GIVEN ENTRIES.
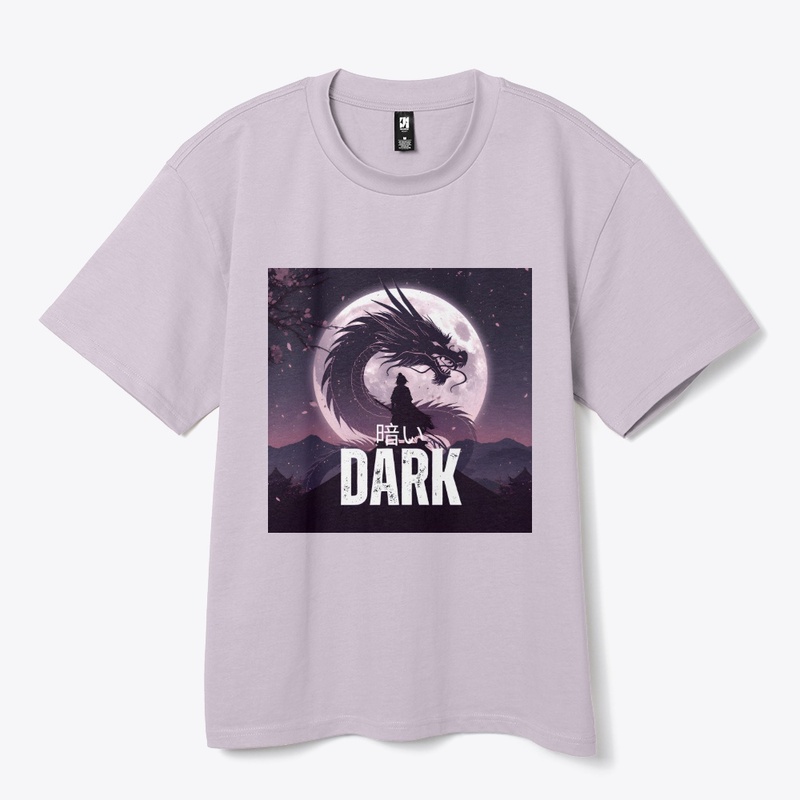 "Way of the Samurai" – Japanese Warrior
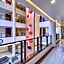 Hotel Lotus Ivy Studios Near Pune Airport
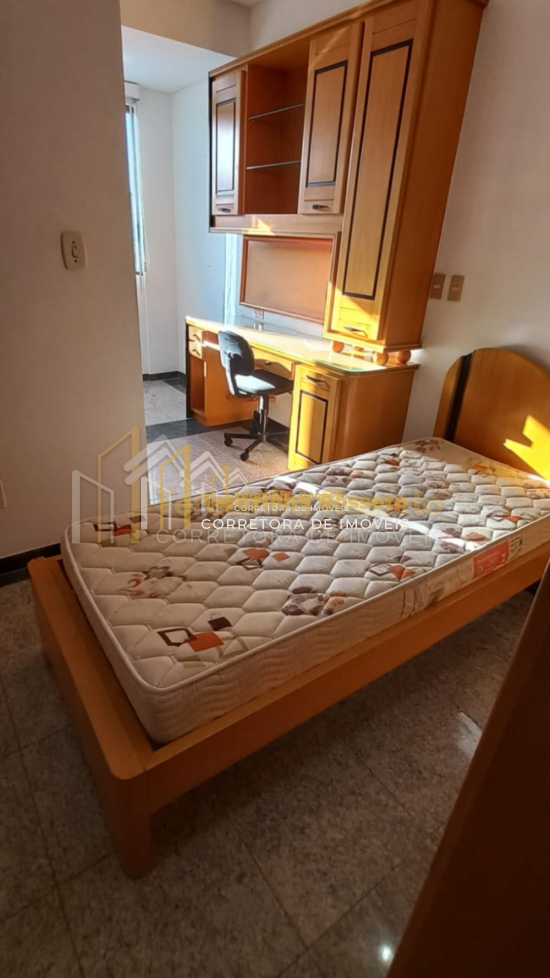 casa-em-condominio-venda-e-aluguel-mata-da-praia-vitoria-es--998907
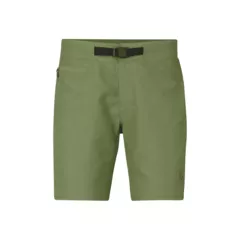Zdjęcie produktu Spodenki Norrona Femund Silent Grid Shorts Men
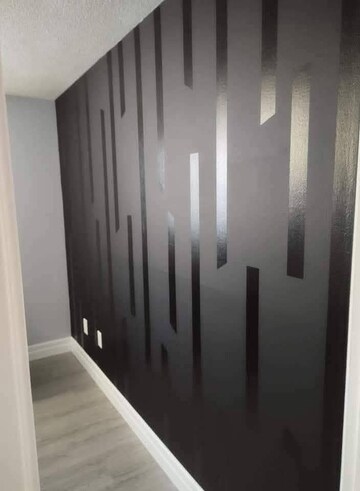 Room in 2 BHK Apartment at Igi Airport Area – for Sale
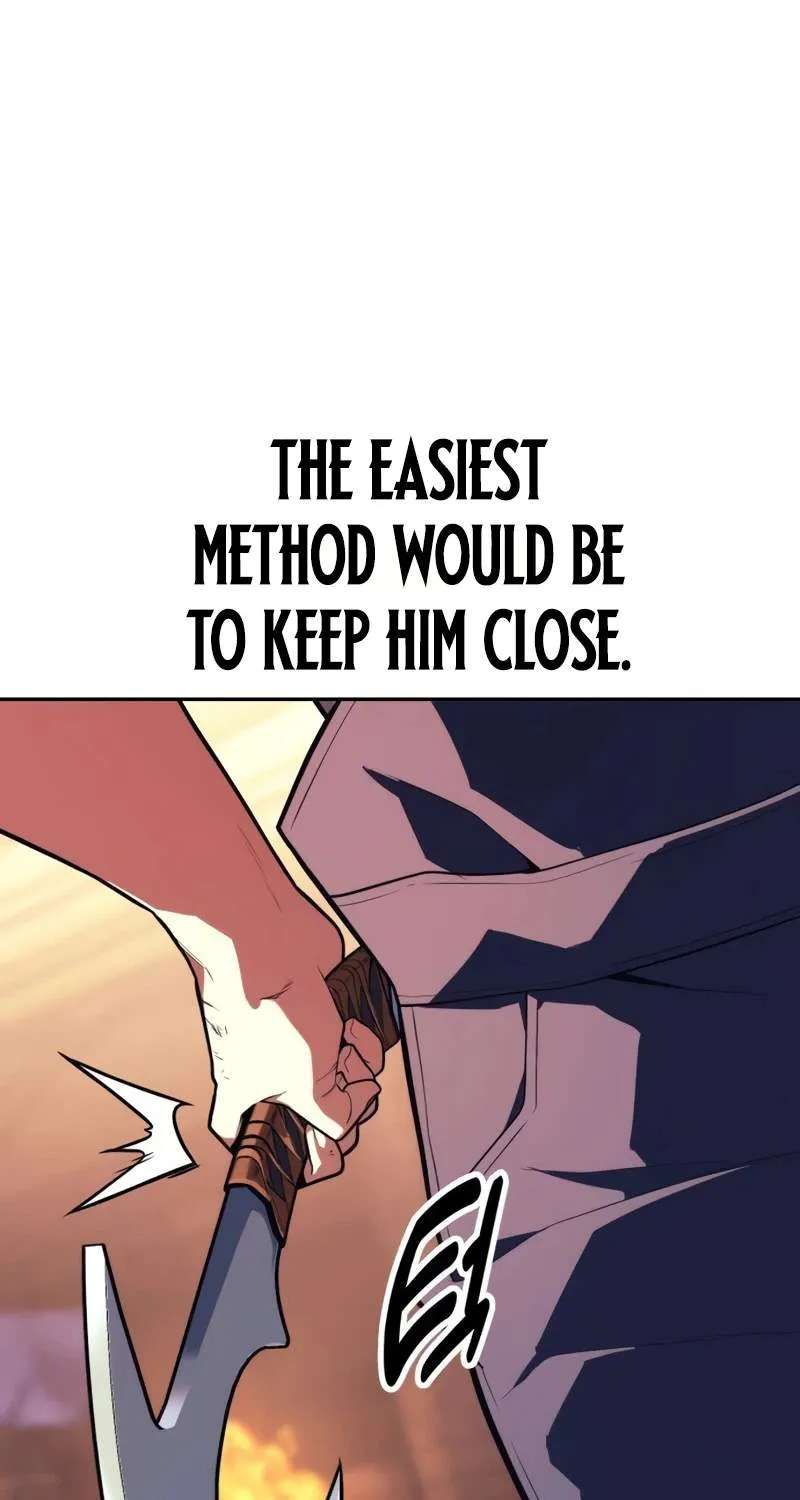 30 Years Have Passed Since the Prologue Chapter 13 - page 81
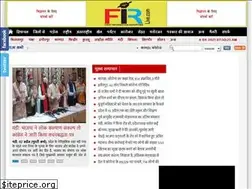 Sites similar to firlive.com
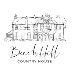 Beech Hill Country House Hotel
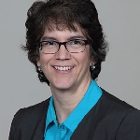 Dr. Karen Heard, MD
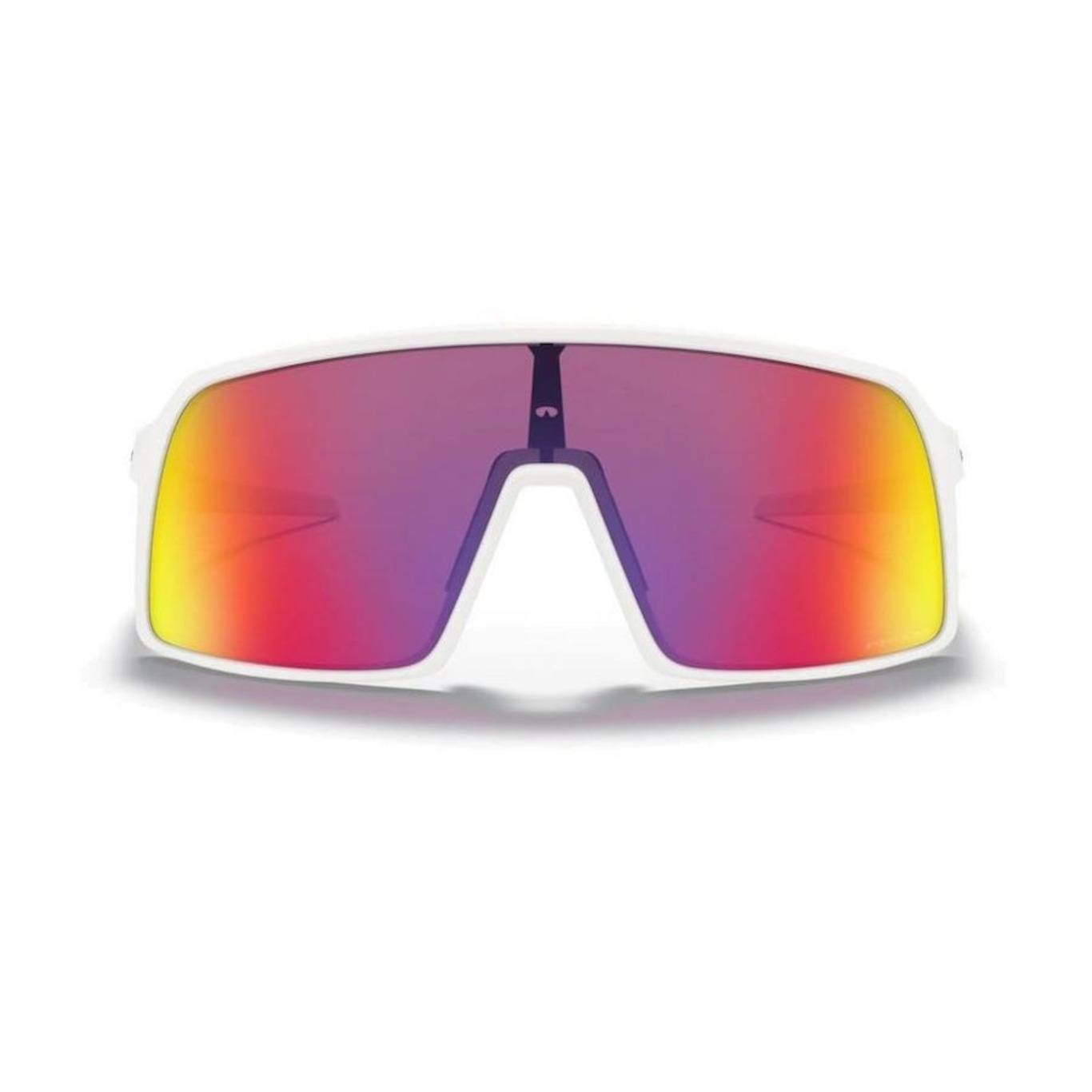 Óculos de Sol Oakley Sutro Prizm Road - Unissex - Foto 3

DIRECTIONS.
Write out each entry exactly as given, but skip the pictures.

EXERCISE RESPONSE.
 "Way of the Samurai" – Japanese Warrior
 Hotel Lotus Ivy Studios Near Pune Airport
 casa-em-condominio-venda-e-aluguel-mata-da-praia-vitoria-es--998907
Zdjęcie produktu Spodenki Norrona Femund Silent Grid Shorts Men
 Room in 2 BHK Apartment at Igi Airport Area – for Sale
 30 Years Have Passed Since the Prologue Chapter 13 - page 81
 Sites similar to firlive.com
 Beech Hill Country House Hotel
 Dr. Karen Heard, MD
 Óculos de Sol Oakley Sutro Prizm Road - Unissex - Foto 3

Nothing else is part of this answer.